I changed it a bit to ensure that text content inside HTML blocks is rendered, even though blocks are currently rendered with tags and all. Apparently gomarkdown does not strip the tags from the content with HTML blocks, it only does this for span elements. (It actually sets the value of Literal to the full text content, including tags, and then nulls out Content.)

I think we could just strip out the tags from the block content using https://github.com/grokify/html-strip-tags-go; the issue of untrusted data is not important since clients should not be rendering HTML tags or JavaScript for gemtext! bluemonday could be used if additional sanitization is desired, but this is a heavier solution.

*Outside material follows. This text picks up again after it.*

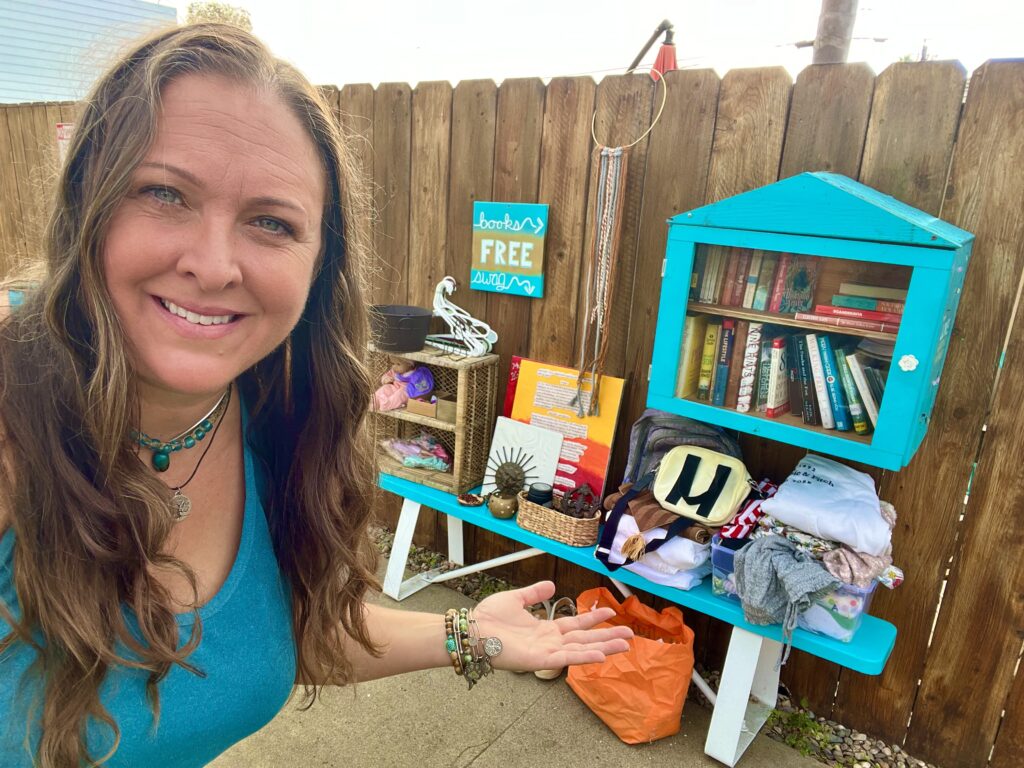 Holly Reville in front of her Community Giving Bench and Free Book Library.
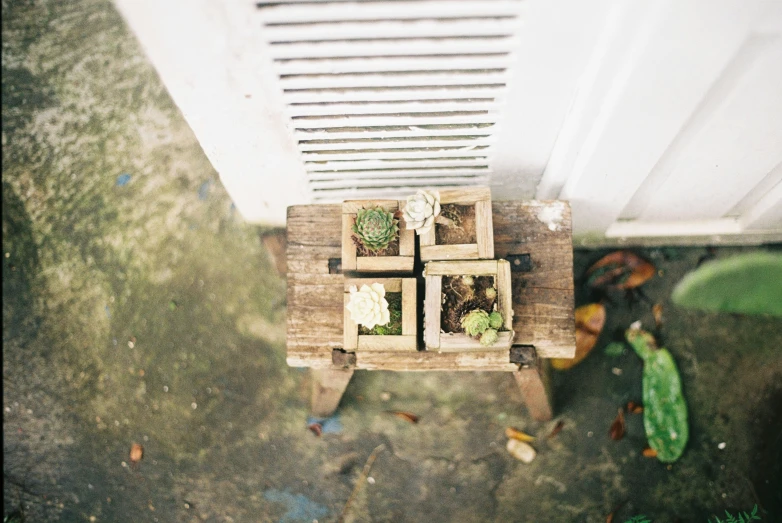 some wood crates are stacked on top of each other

tdemin · 2021-09-20T17:57:47Z

I am not sure if this is how it should behave..?

Source file for reproduction:

# Blockquote test

> Testing text with an <b>HTML</b> tag.
> Another line of <pre>testing text</pre>.

<code>Entire paragraph.</code>

<p>Paragraph 2.</p>

Test of <b>inline spans</b>.

> <code>Line of text.</code>

mntn-xyz · 2021-09-20T18:34:04Z

I went ahead and implemented tag stripping for HTML blocks using html-strip-tags-go. I also made methods for HTMLBlock and HTMLSpan for consistency, and because I've got some ideas for them later (namely detecting tags like sup/sub and converting them to the proper ast type).

internal/renderer/renderer.go

tdemin · 2021-09-21T20:39:28Z

internal/renderer/renderer.go

+	if entering {
+		r.text(w, node)
+		w.Write(lineBreak)
+		w.Write(lineBreak)


Subroutines called from RenderNode generally do the final linebreak that splits Gemtext paragraphs with noNewLine. Not that it matters much; it's just a consistency thing (entering and double AST passthrough was initially intended for that job in gomarkdown, but block elements in HTML and Gemtext are different, so it doesn't get much use for that).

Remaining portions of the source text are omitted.